• Problem description:
In your copy, reproduce each entry exactly and leave out the pictures.

• Source records:
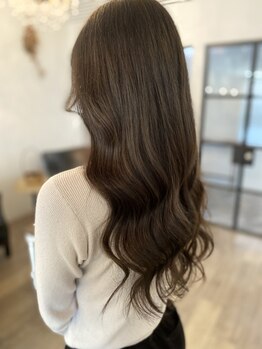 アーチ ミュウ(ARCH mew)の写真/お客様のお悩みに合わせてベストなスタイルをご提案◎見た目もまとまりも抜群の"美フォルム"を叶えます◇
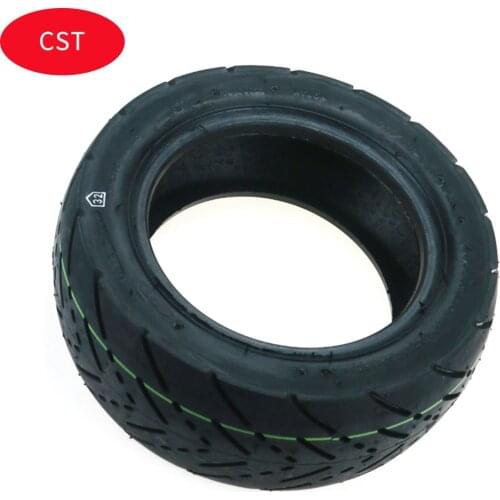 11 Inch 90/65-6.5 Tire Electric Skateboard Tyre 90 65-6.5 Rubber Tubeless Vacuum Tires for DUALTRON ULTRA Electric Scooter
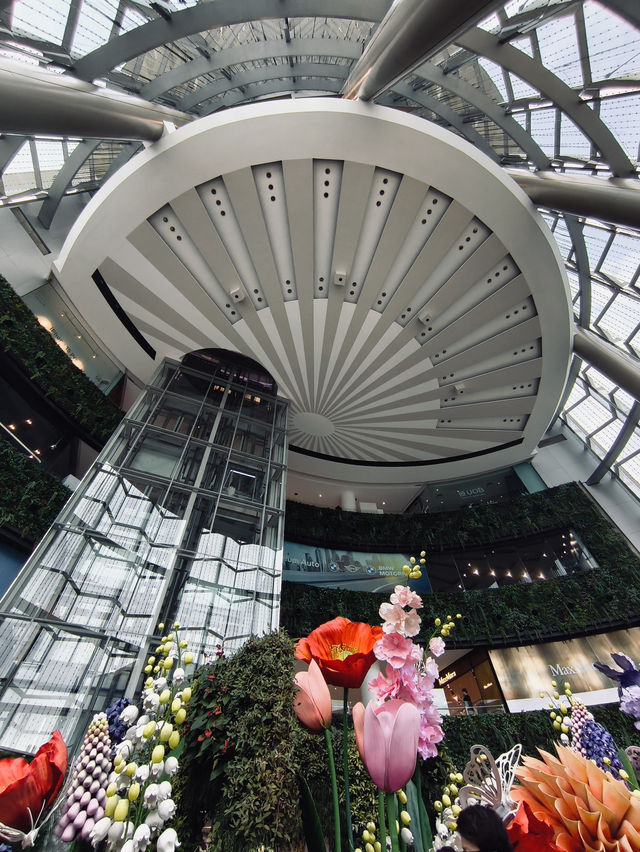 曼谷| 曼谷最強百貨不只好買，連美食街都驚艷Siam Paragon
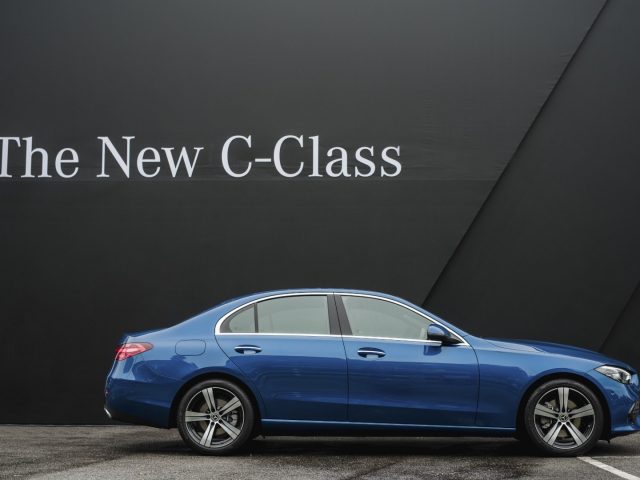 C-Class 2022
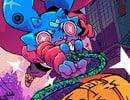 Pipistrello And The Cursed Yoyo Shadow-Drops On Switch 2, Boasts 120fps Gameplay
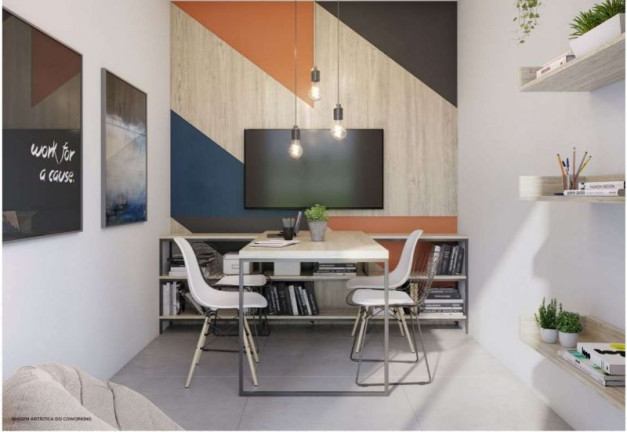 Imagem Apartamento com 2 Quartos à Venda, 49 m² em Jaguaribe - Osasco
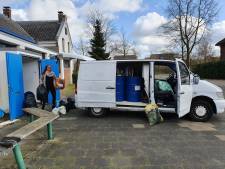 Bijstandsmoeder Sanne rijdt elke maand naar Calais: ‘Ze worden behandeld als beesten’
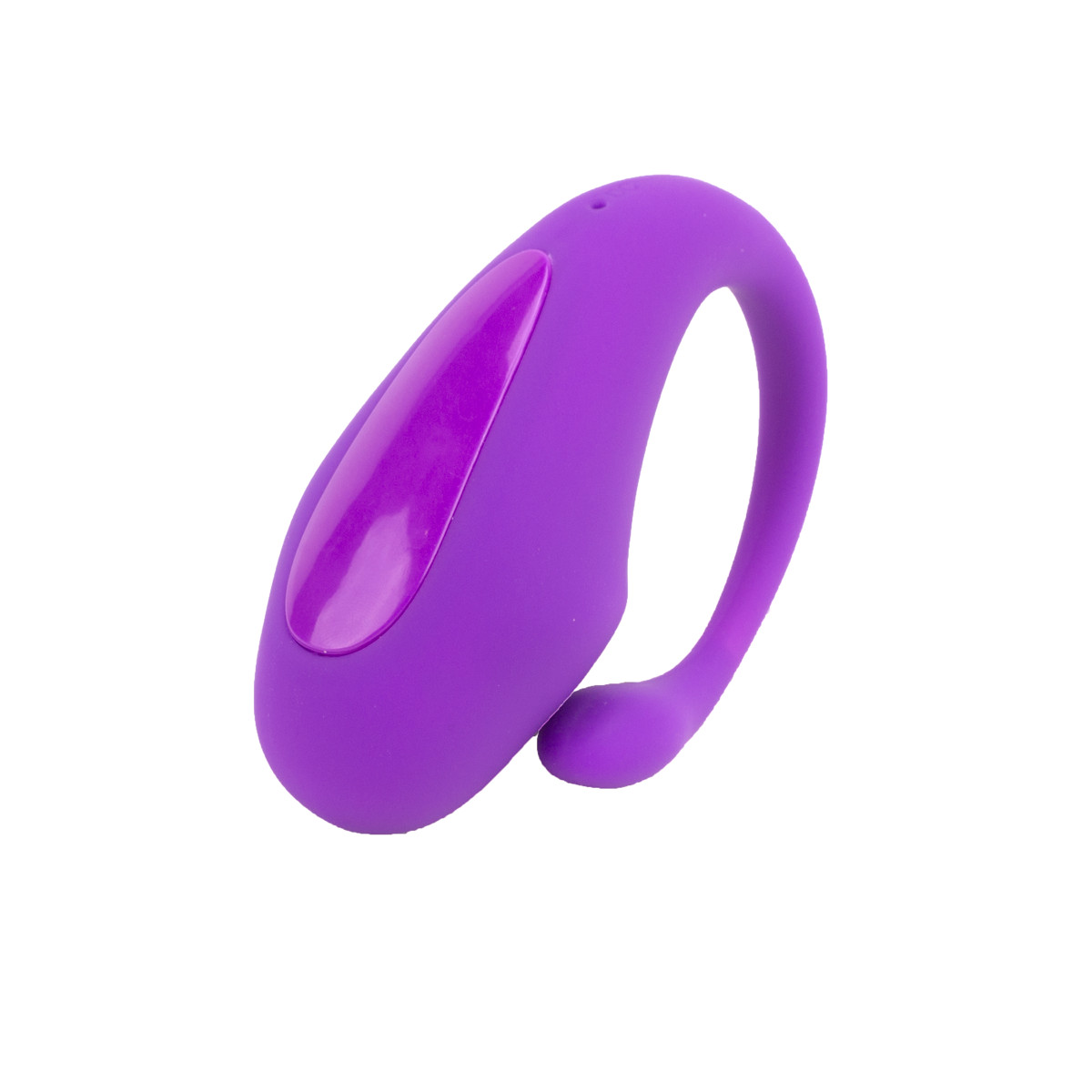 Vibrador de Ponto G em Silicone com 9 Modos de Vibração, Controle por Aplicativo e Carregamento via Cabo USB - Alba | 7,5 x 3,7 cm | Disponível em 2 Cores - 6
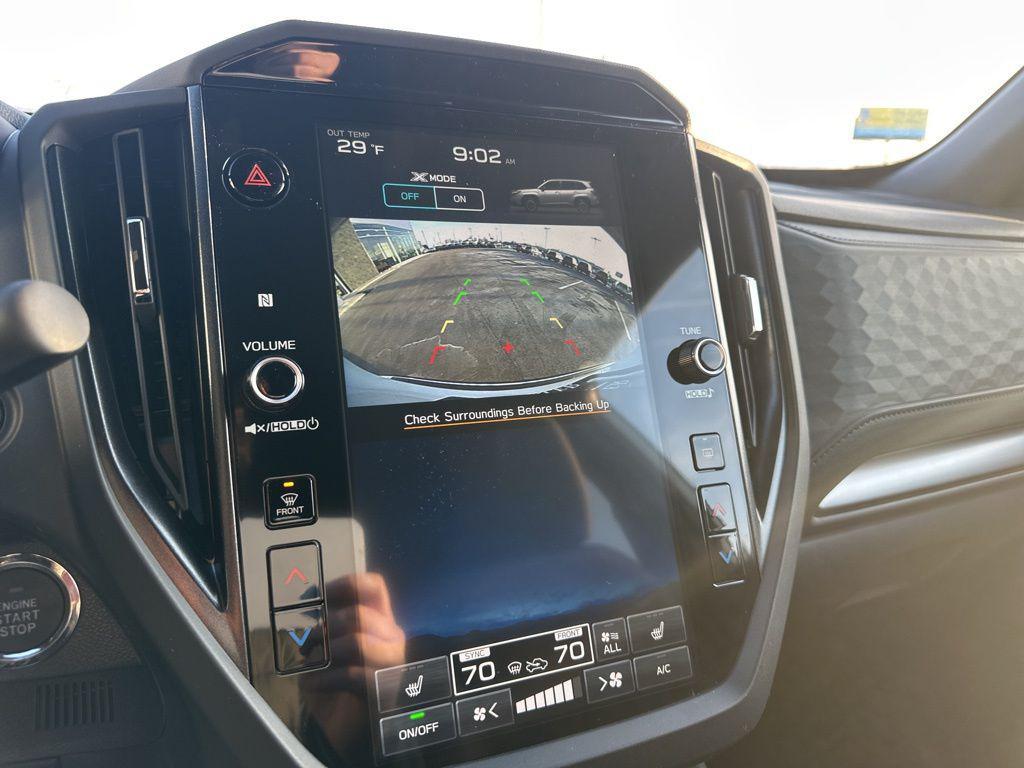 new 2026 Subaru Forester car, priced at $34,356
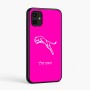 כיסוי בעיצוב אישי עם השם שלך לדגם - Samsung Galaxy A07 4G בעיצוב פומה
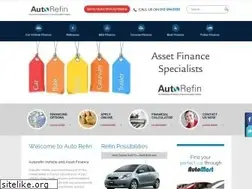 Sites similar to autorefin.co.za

• Response for this exercise:
 アーチ ミュウ(ARCH mew)の写真/お客様のお悩みに合わせてベストなスタイルをご提案◎見た目もまとまりも抜群の"美フォルム"を叶えます◇
 11 Inch 90/65-6.5 Tire Electric Skateboard Tyre 90 65-6.5 Rubber Tubeless Vacuum Tires for DUALTRON ULTRA Electric Scooter
 曼谷| 曼谷最強百貨不只好買，連美食街都驚艷Siam Paragon
 C-Class 2022
 Pipistrello And The Cursed Yoyo Shadow-Drops On Switch 2, Boasts 120fps Gameplay
 Imagem Apartamento com 2 Quartos à Venda, 49 m² em Jaguaribe - Osasco
 Bijstandsmoeder Sanne rijdt elke maand naar Calais: ‘Ze worden behandeld als beesten’
 Vibrador de Ponto G em Silicone com 9 Modos de Vibração, Controle por Aplicativo e Carregamento via Cabo USB - Alba | 7,5 x 3,7 cm | Disponível em 2 Cores - 6
 new 2026 Subaru Forester car, priced at $34,356
 כיסוי בעיצוב אישי עם השם שלך לדגם - Samsung Galaxy A07 4G בעיצוב פומה
 Sites similar to autorefin.co.za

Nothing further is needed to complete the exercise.